If this is the case, then you'll need to include the shell commands printed by the --bash or --csh options into your shell's profile file. This file is usually .bash_profile or .cshrc; consult your shell's documentation or your local sysadmin guru for more information.

For UPC programs, PPW does not currently support noncollective UPC exits, such as an exit on one thread that causes a SIGKILL signal to be sent to other threads. As an example, consider the following UPC program:

     ...
     int main() {
       if (MYTHREAD) {
         upc_barrier;
       } else {
         exit(0);
       }
       return 0;
     }

In this program, depending on the UPC compiler and runtime system used, PPW may not write out valid performance data for all threads. A future version of PPW may add “dump” functionality where complete profile data is flushed to disk every N minutes, which will allow you to collect partial performance data from a long-running program that happens to crash a few minutes before it is completed. However, for technical reasons PPW will generally not be able to recover from situations like these, so please do try to debug any crashes in your program before analyzing it with PPW.

When you run your application, you may run into error messages like the following one:

     PPW warning: no source information available

PPW stores a snapshot of your application's source code in a file archive with the extension .ppw.sar.
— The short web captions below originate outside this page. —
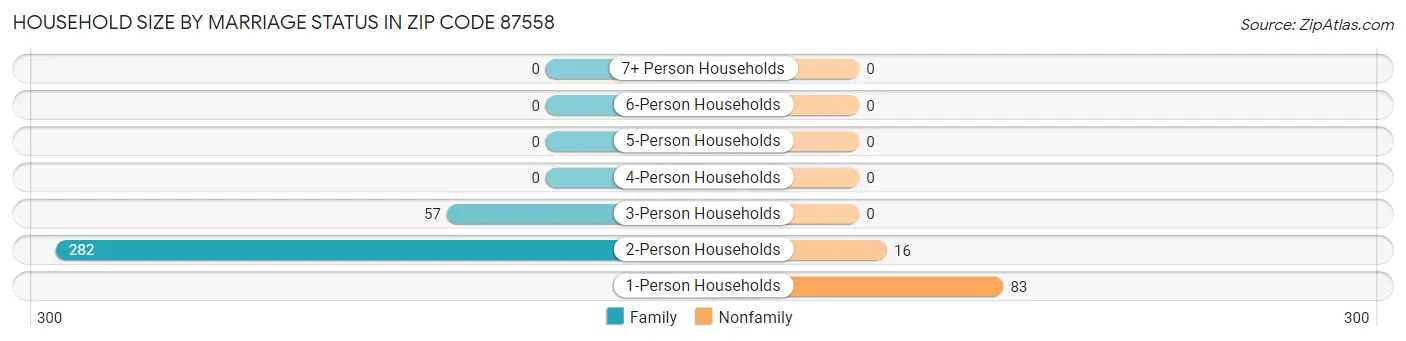 Household Size by Marriage Status in Zip Code 87558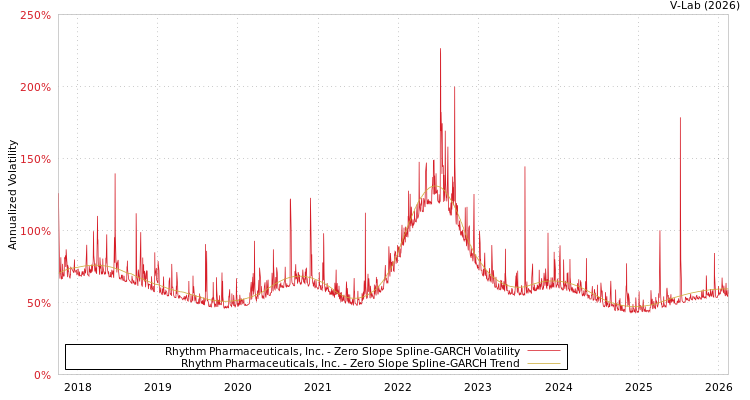 graph of Rhythm Pharmaceuticals, Inc. S0GARCH
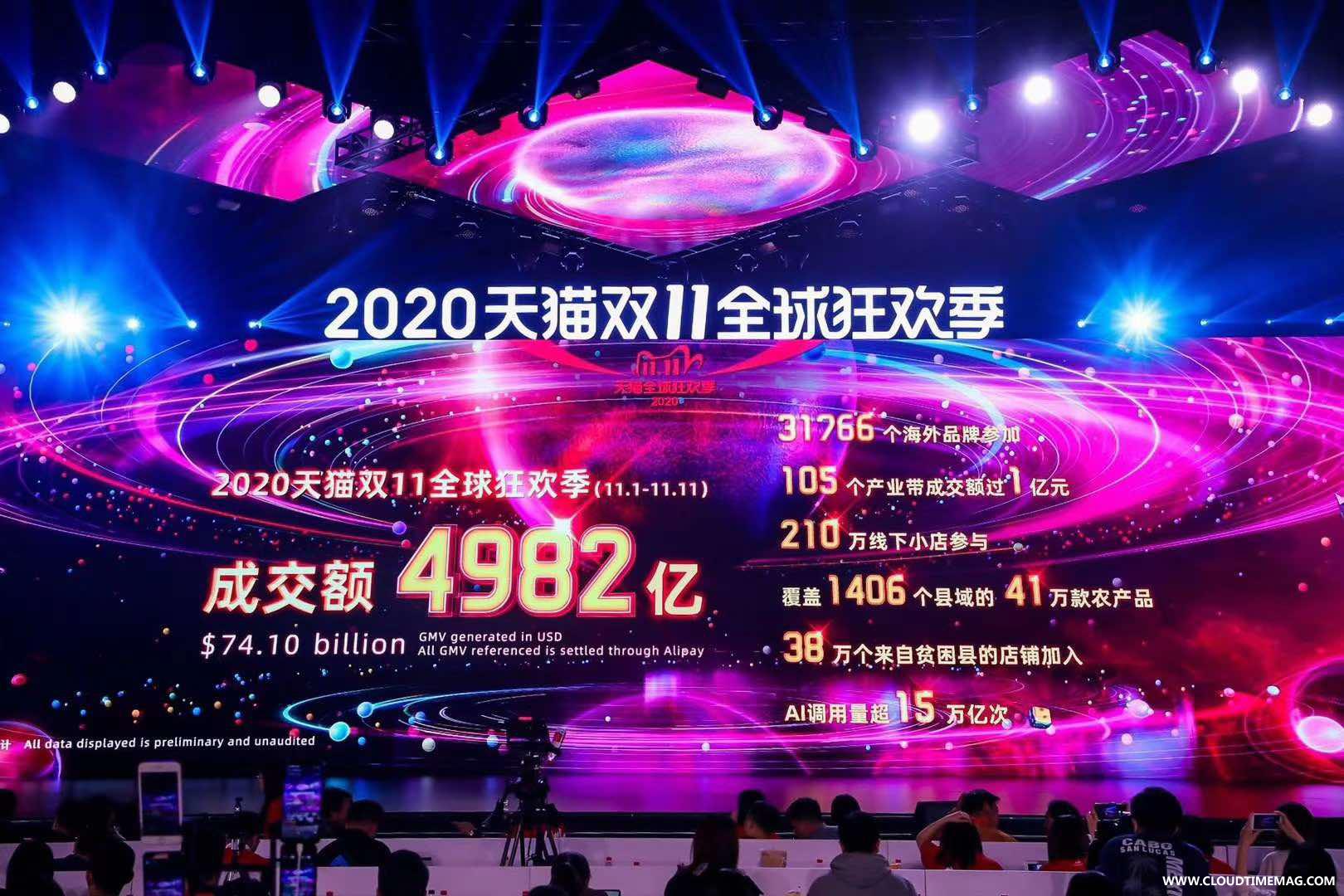 云徙双11头图.jpg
If you move your program's executable and do not move this file to the same directory, you will get this error message whenever you run your program. To fix this problem, keep a copy of the .ppw.sar file in the same directory as your compiled program.
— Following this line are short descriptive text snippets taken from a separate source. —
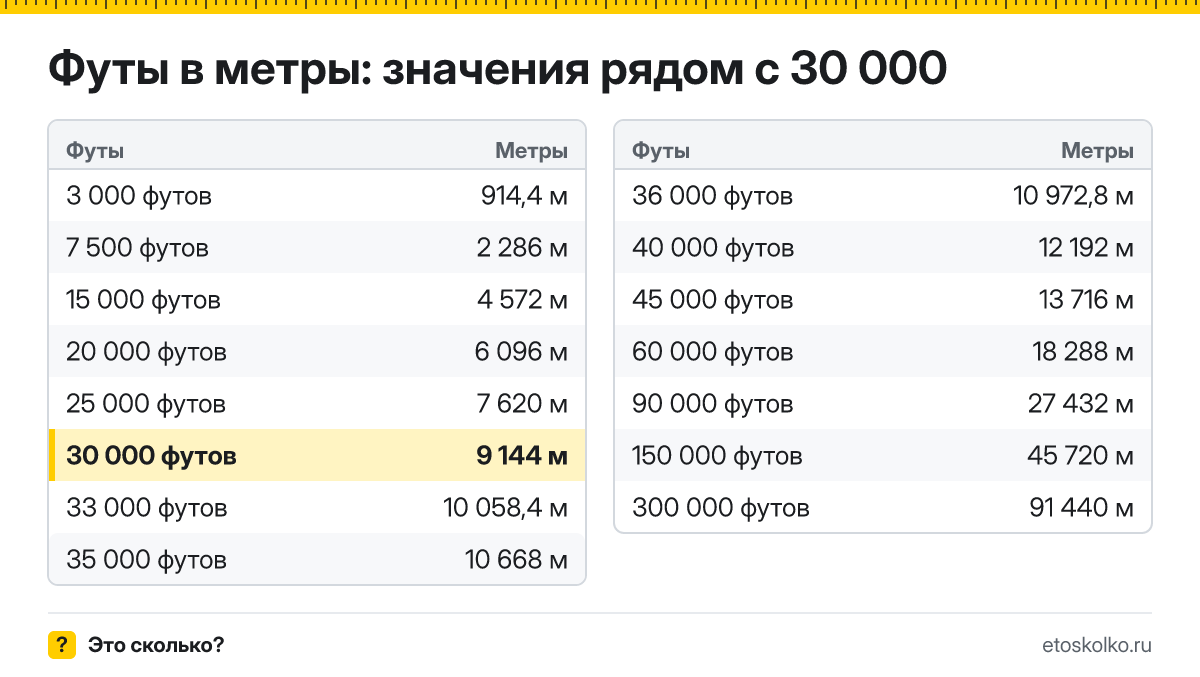 Сколько метров в 30 000 футах? Точный ответ с формулой расчёта, таблица соседних значений и онлайн-конвертер футов в метры.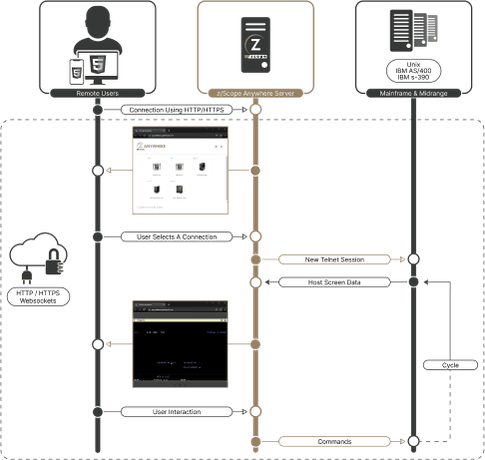Como o z/Scope Anywhere funciona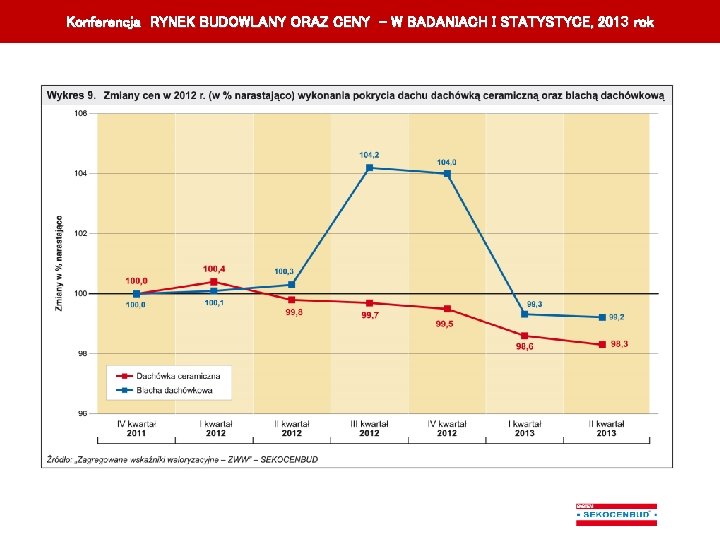 Konferencja RYNEK BUDOWLANY ORAZ CENY – W BADANIACH I STATYSTYCE, 201 3 rok K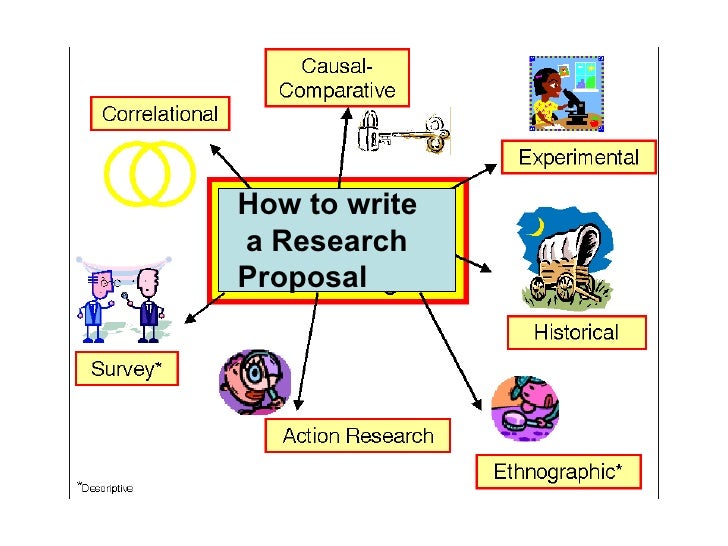 kinds of research methods kinds of research methods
If you'd like to test which recording options are dictated by your current environment variable settings, use the ppw-showopts command. As an example (but keep in mind output will vary from machine to machine) using csh(1)-compatible shell syntax:

     % ppwrun -trace -output=foo.par -csh
     setenv PPW_TRACEMODE 1
     setenv PPW_OUTPUT foo.par
     % setenv PPW_TRACEMODE 1
     % setenv PPW_OUTPUT foo.par
     % ppw-showopts
     Current PPW configuration options (in directory /storage/home/leko):
     
       + Disabled? 0
       + Communication stats? 0
       + Communication stats per line? 0
       + Tracing? 1
       + Trace buffer size? 16384
       + Output? foo.par
       + PAPI metrics? (none)

And the same example using bash(1)-compatible syntax:

     $ ppwrun -trace -output=foo.par -bash
     export PPW_TRACEMODE=1
     export PPW_OUTPUT=foo.par
     $ export PPW_TRACEMODE=1
     $ export PPW_OUTPUT=foo.par
     $ ppw-showopts
     Current PPW configuration options (in directory /storage/home/leko):
     
       + Disabled? 0
       + Communication stats? 0
       + Communication stats per line? 0
       + Tracing? 1
       + Trace buffer size? 16384
       + Output? foo.par
       + PAPI metrics? (none)

B.10.4 ppwrun Environment Variables

To see which environment variables are set by ppwrun, use the --csh and --bash options.